Task instructions: Please return exactly the line that contains "Rush hour: flocking" and every line after it, through the last line of the records below, with no pictures.

START Data for review

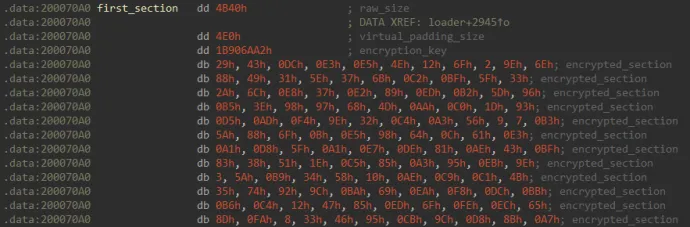 A section header in one of the custom PE-like file formats: raw_size corresponds to SizeOfRawData, raw_size + virtual_padding_size is effectively VirtualSize. There is no VirtualAddress or PointerToRawData equivalent because the sections are loaded sequen
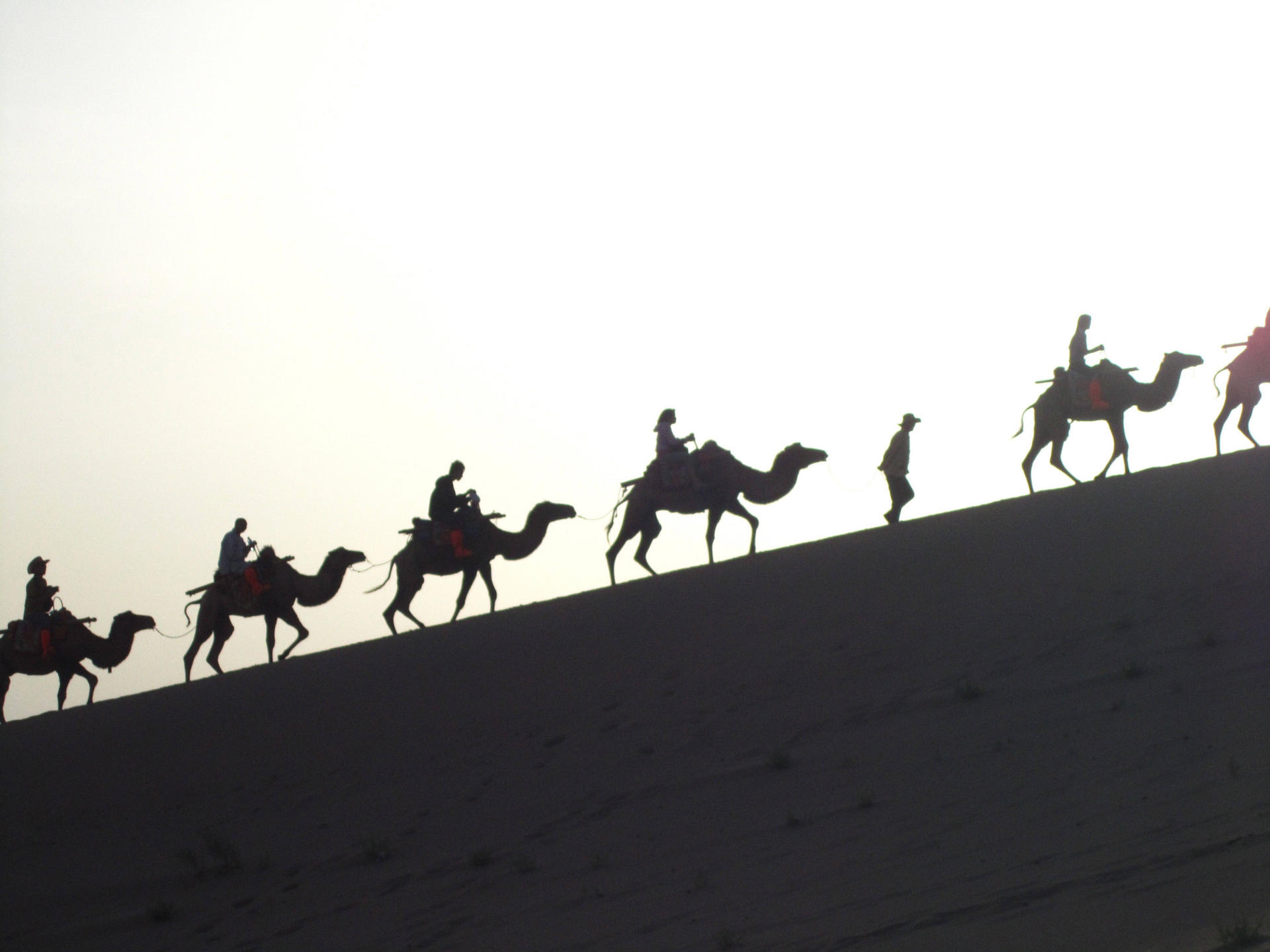 Rush hour: flocking to the sights in Dunhuang. Photo: Cecilie Gamst Berg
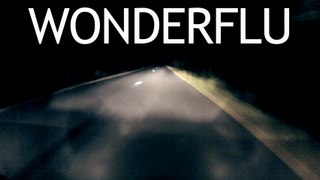 Wonderflu - No End In Sight (teaser release)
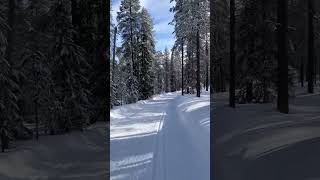 Crosscountry sking in PyhäLuosto National Park [upl. by Aihn509]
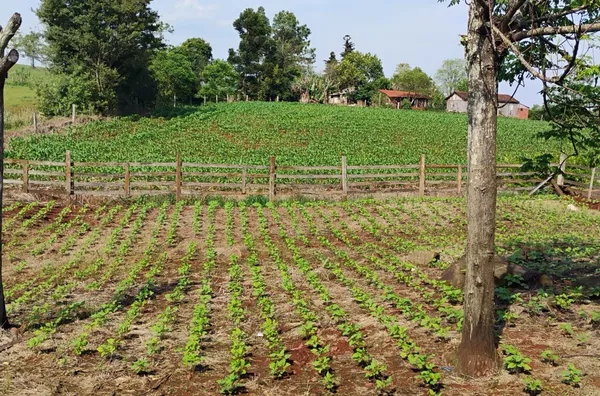 EXCELENTE ÁREA DE PLANTIO ou PARA LAZER E TRANQUILIDADE PRA FAMÍLIA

END Data for review

Your response:
 Rush hour: flocking to the sights in Dunhuang. Photo: Cecilie Gamst Berg
 Wonderflu - No End In Sight (teaser release)
 Crosscountry sking in PyhäLuosto National Park [upl. by Aihn509]
 EXCELENTE ÁREA DE PLANTIO ou PARA LAZER E TRANQUILIDADE PRA FAMÍLIA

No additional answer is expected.